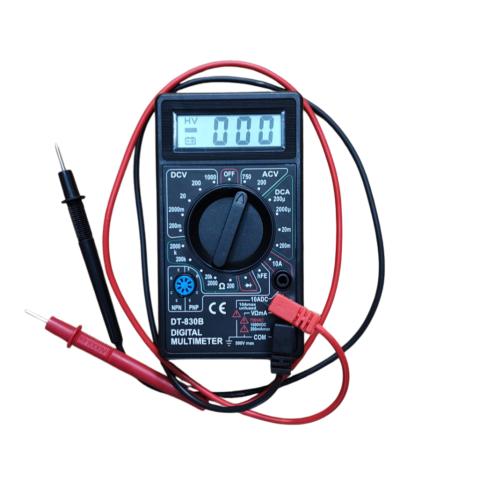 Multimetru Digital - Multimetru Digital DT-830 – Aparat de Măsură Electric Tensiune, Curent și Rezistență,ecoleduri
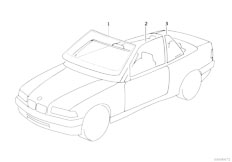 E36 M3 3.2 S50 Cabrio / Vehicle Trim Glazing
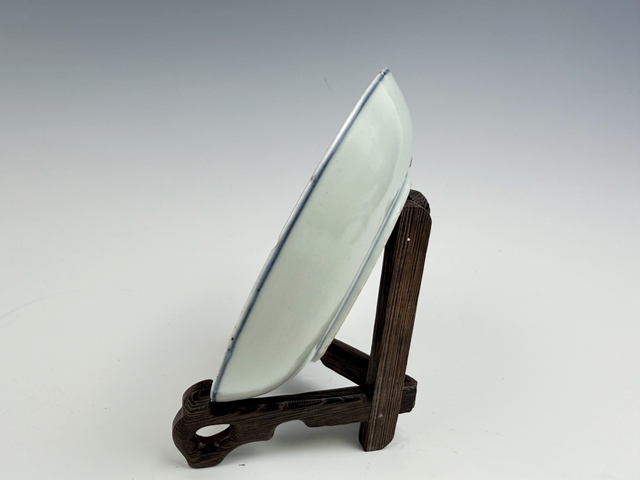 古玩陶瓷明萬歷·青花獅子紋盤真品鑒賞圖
----------
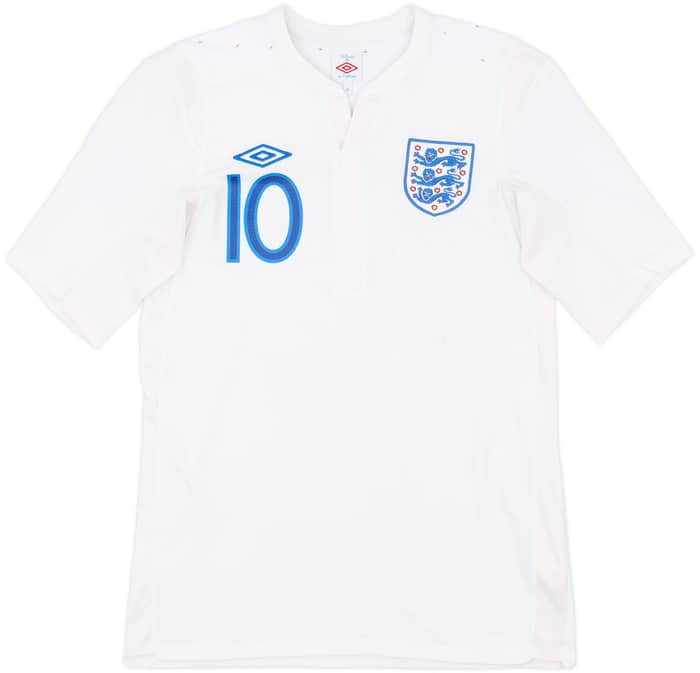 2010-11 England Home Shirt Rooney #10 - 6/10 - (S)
----------
**Problem to solve**
When copying from the data above, print only the lines from the line containing "Multimetru Digital - Multimetru" to the line containing "古玩陶瓷明萬歷·青花獅子紋盤真品鑒賞圖", exactly, and leave the pictures out.

**Written answer**
 Multimetru Digital - Multimetru Digital DT-830 – Aparat de Măsură Electric Tensiune, Curent și Rezistență,ecoleduri
 E36 M3 3.2 S50 Cabrio / Vehicle Trim Glazing
 古玩陶瓷明萬歷·青花獅子紋盤真品鑒賞圖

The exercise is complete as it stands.